• **Task to complete**: Restrict the output to the lines below starting at the one that contains "ÜLKEMİZE SAĞLIK, BARIŞ" and ending at the one that contains "Building Photo - 2924 El Fenice Ln", and restate them word for word, both ends included.

• **Information shown**:
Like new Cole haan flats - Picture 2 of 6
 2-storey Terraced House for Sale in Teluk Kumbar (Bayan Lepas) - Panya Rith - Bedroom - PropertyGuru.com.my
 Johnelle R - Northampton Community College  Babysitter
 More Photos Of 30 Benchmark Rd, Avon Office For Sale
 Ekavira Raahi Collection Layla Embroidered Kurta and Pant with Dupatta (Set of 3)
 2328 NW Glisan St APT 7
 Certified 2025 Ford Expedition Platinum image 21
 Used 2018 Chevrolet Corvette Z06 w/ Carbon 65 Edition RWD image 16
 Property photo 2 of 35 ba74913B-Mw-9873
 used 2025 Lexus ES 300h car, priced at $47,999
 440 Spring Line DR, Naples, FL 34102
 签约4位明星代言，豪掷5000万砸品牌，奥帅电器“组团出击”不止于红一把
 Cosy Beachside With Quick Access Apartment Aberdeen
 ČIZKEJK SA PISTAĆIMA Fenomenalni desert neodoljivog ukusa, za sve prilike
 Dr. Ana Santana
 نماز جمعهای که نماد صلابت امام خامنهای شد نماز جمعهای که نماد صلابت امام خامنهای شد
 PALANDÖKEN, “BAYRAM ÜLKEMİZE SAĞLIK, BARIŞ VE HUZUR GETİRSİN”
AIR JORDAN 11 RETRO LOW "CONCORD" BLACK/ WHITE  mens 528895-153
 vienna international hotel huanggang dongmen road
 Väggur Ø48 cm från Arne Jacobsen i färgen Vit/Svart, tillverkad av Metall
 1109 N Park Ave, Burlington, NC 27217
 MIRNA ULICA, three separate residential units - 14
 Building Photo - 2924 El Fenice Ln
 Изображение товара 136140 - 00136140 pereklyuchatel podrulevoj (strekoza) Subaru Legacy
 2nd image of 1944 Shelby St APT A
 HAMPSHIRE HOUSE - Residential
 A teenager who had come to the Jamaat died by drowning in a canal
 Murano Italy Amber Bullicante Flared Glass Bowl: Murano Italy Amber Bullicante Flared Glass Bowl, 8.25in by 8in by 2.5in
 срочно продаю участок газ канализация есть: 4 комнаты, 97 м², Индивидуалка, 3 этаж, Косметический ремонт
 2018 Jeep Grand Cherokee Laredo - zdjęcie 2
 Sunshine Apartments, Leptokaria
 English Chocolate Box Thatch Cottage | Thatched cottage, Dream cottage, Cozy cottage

• **Response area**:
 PALANDÖKEN, “BAYRAM ÜLKEMİZE SAĞLIK, BARIŞ VE HUZUR GETİRSİN”
AIR JORDAN 11 RETRO LOW "CONCORD" BLACK/ WHITE  mens 528895-153
 vienna international hotel huanggang dongmen road
 Väggur Ø48 cm från Arne Jacobsen i färgen Vit/Svart, tillverkad av Metall
 1109 N Park Ave, Burlington, NC 27217
 MIRNA ULICA, three separate residential units - 14
 Building Photo - 2924 El Fenice Ln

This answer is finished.